◆ **Data under study**

"""

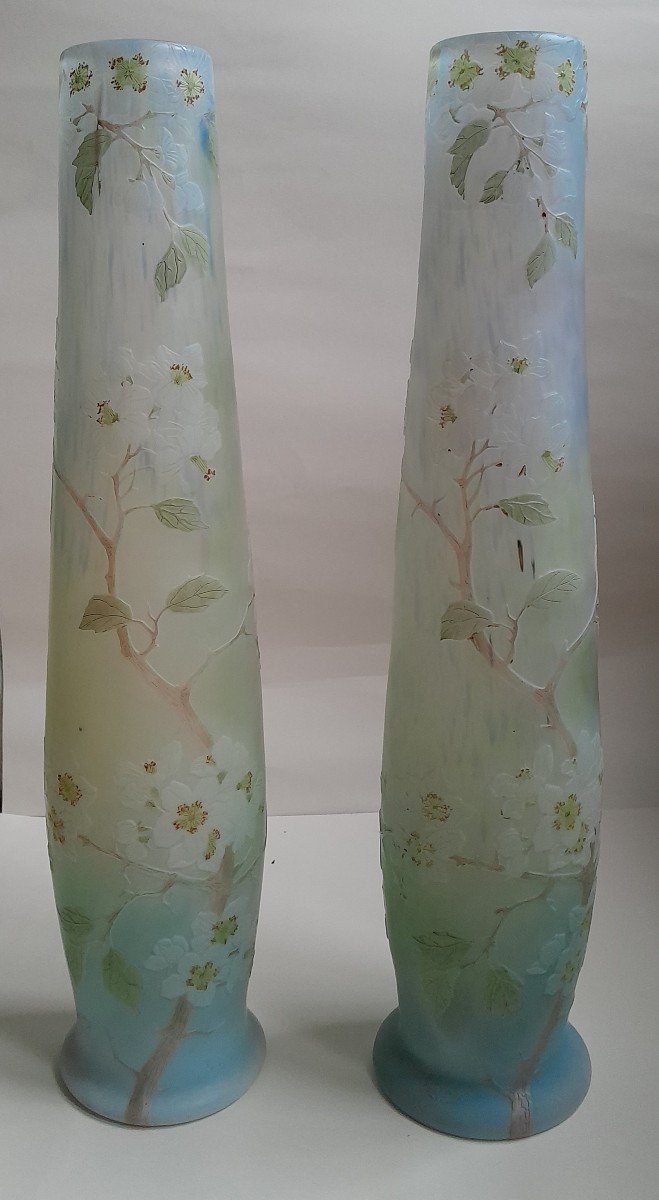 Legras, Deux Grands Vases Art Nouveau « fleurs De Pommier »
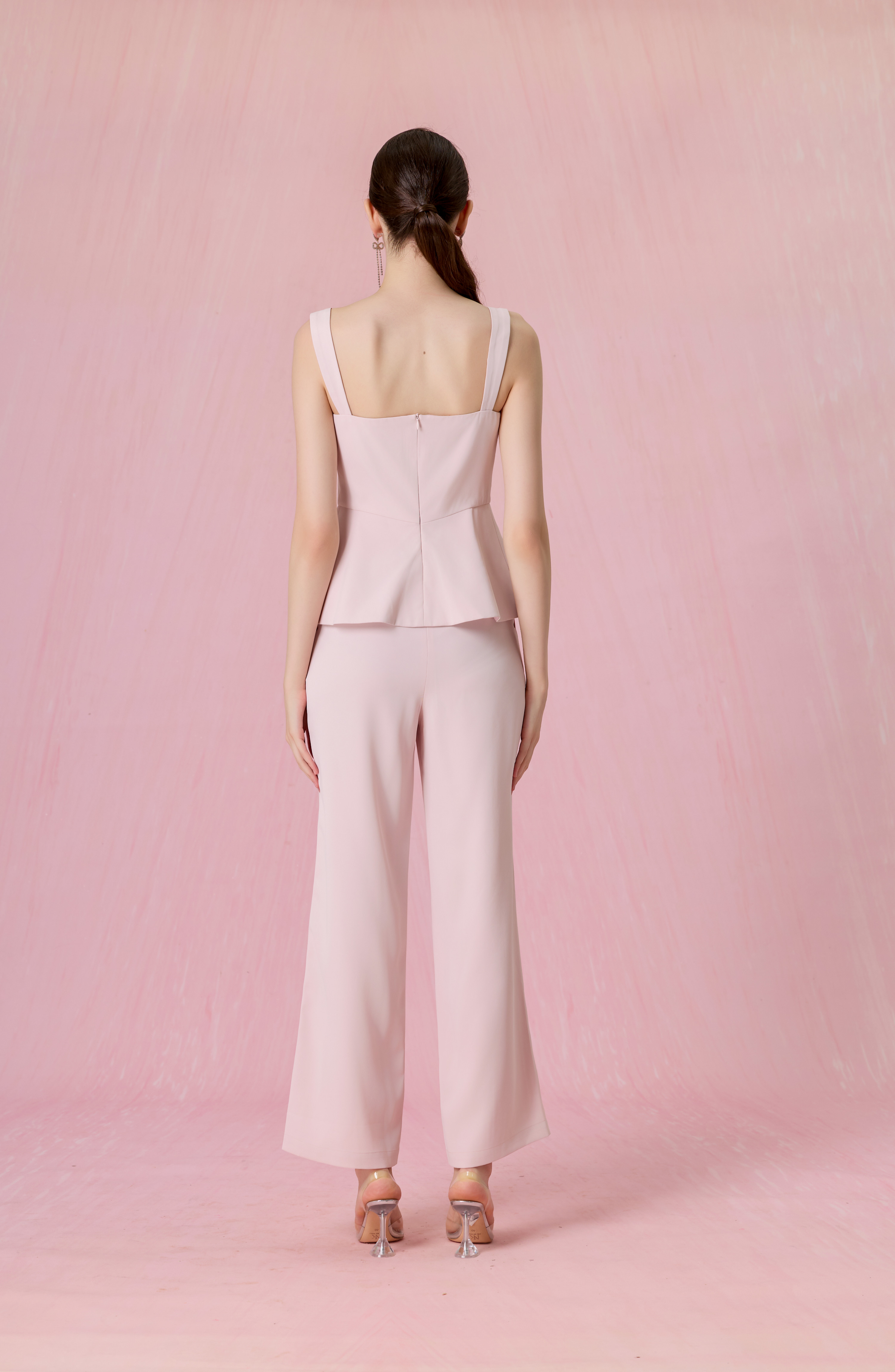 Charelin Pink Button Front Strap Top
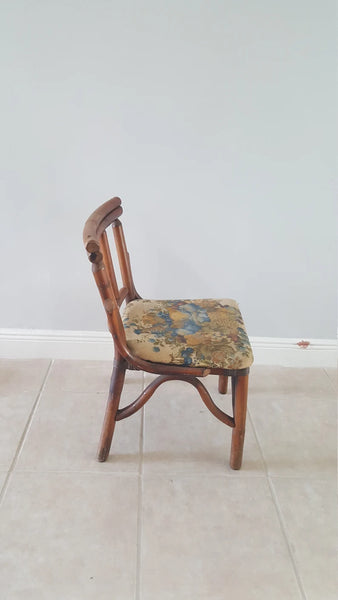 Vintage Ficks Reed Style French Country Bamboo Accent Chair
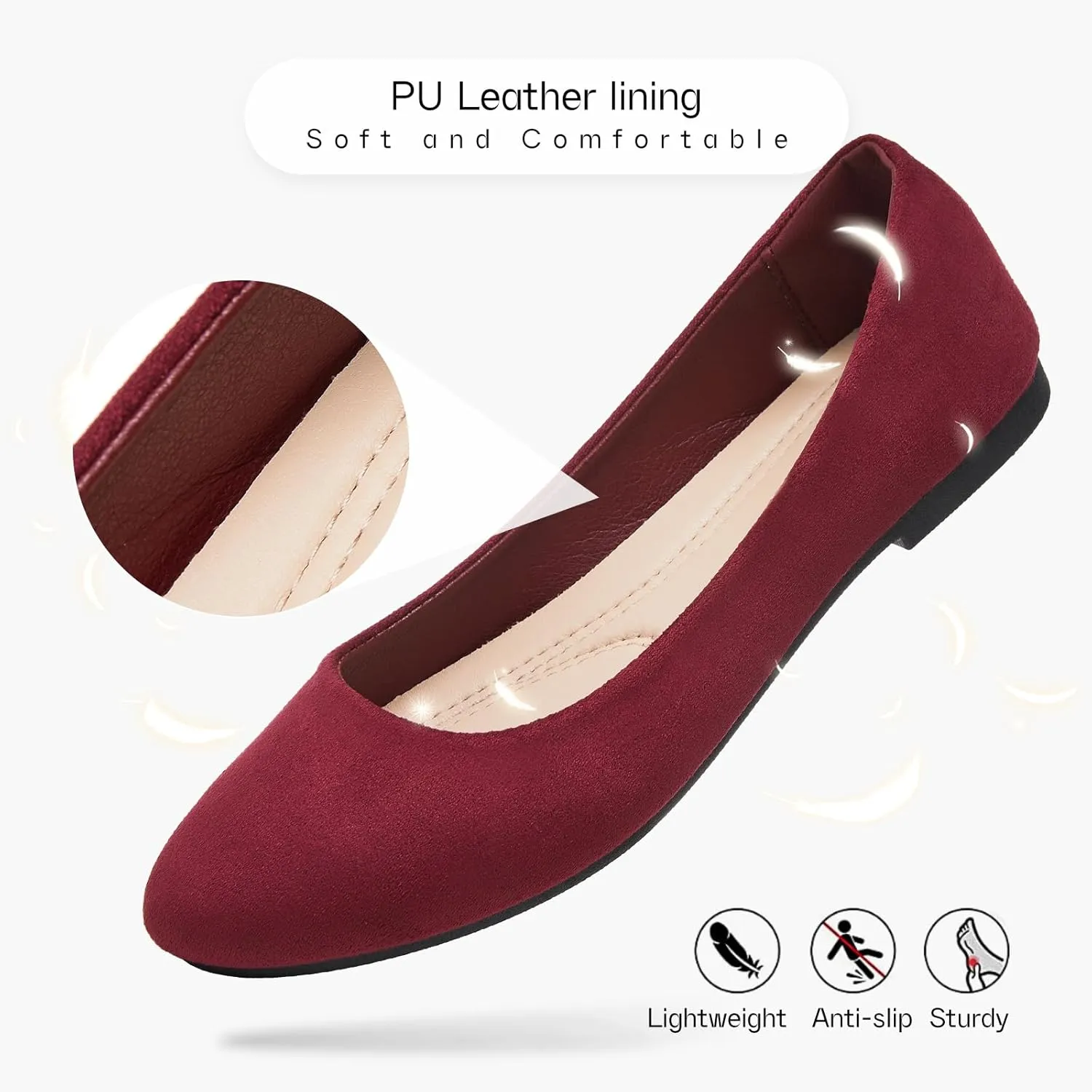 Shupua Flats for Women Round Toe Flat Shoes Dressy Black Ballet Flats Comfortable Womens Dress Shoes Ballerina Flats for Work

"""
"""

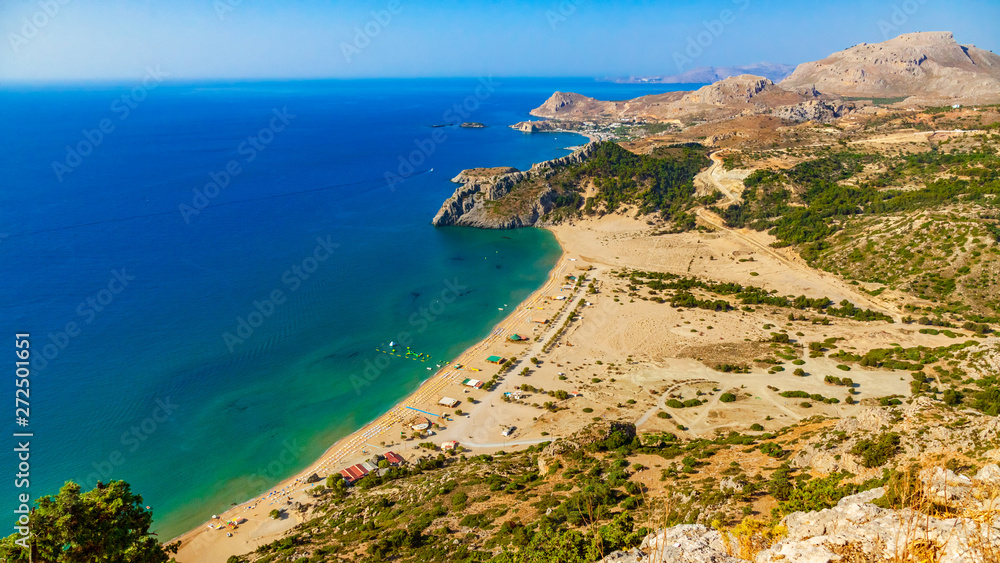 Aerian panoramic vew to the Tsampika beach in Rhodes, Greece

"""
"""

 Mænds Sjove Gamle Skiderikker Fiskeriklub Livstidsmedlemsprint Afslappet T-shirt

"""

◆ **Instructions for the task**
Reproduce, exactly and only, the lines of the records above starting at the line with "Legras, Deux Grands" and ending at the line with "Shupua Flats for", both included. Leave every picture out.

◆ **Solution to the exercise**
 Legras, Deux Grands Vases Art Nouveau « fleurs De Pommier »
 Charelin Pink Button Front Strap Top
 Vintage Ficks Reed Style French Country Bamboo Accent Chair
 Shupua Flats for Women Round Toe Flat Shoes Dressy Black Ballet Flats Comfortable Womens Dress Shoes Ballerina Flats for Work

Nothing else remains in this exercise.